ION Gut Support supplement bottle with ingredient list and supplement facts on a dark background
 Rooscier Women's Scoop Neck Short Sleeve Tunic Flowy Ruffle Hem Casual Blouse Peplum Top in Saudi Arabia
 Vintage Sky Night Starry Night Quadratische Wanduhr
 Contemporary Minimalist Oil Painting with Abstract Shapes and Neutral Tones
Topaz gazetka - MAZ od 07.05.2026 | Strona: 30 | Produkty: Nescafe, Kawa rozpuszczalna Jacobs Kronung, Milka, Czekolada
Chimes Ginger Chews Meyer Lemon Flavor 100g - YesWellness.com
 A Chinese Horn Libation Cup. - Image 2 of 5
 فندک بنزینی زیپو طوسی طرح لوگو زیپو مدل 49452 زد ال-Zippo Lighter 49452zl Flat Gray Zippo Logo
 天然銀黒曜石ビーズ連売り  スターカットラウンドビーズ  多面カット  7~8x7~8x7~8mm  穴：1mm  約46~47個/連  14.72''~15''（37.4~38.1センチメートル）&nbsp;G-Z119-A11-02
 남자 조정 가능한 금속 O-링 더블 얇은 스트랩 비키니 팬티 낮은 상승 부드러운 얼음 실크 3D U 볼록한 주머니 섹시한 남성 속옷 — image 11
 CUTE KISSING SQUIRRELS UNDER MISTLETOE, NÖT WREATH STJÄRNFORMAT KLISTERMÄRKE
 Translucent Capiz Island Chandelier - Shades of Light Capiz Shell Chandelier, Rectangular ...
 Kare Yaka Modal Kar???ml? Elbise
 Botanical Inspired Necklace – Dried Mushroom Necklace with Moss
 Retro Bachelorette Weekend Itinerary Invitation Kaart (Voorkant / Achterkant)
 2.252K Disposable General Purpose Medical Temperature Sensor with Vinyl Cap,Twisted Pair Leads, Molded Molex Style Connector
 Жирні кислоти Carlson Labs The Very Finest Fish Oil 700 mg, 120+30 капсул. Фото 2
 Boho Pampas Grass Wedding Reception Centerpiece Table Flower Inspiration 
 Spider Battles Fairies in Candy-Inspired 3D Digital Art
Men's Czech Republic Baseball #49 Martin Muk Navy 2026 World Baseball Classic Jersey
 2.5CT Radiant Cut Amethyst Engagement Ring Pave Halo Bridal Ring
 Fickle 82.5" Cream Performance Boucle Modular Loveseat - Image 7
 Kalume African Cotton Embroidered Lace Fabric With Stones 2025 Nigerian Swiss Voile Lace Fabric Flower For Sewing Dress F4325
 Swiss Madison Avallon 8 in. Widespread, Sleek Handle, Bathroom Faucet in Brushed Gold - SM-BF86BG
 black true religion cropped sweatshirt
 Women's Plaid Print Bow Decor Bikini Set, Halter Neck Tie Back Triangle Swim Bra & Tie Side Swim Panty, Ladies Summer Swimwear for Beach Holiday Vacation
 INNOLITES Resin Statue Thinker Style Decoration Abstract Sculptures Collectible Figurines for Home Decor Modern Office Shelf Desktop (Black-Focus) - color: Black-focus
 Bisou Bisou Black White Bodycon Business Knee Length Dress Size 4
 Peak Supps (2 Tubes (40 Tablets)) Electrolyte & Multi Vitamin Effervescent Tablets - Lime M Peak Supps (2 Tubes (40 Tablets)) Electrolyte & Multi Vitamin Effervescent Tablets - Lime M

────────────────

▶ _Problem to solve_: From the material above, retype precisely the lines between the line holding "Topaz gazetka - MAZ" and the line holding "A Chinese Horn Libation Cup. - Image 2 of 5", inclusive, and nothing beyond them.

▶ _Task answer_:
Topaz gazetka - MAZ od 07.05.2026 | Strona: 30 | Produkty: Nescafe, Kawa rozpuszczalna Jacobs Kronung, Milka, Czekolada
Chimes Ginger Chews Meyer Lemon Flavor 100g - YesWellness.com
 A Chinese Horn Libation Cup. - Image 2 of 5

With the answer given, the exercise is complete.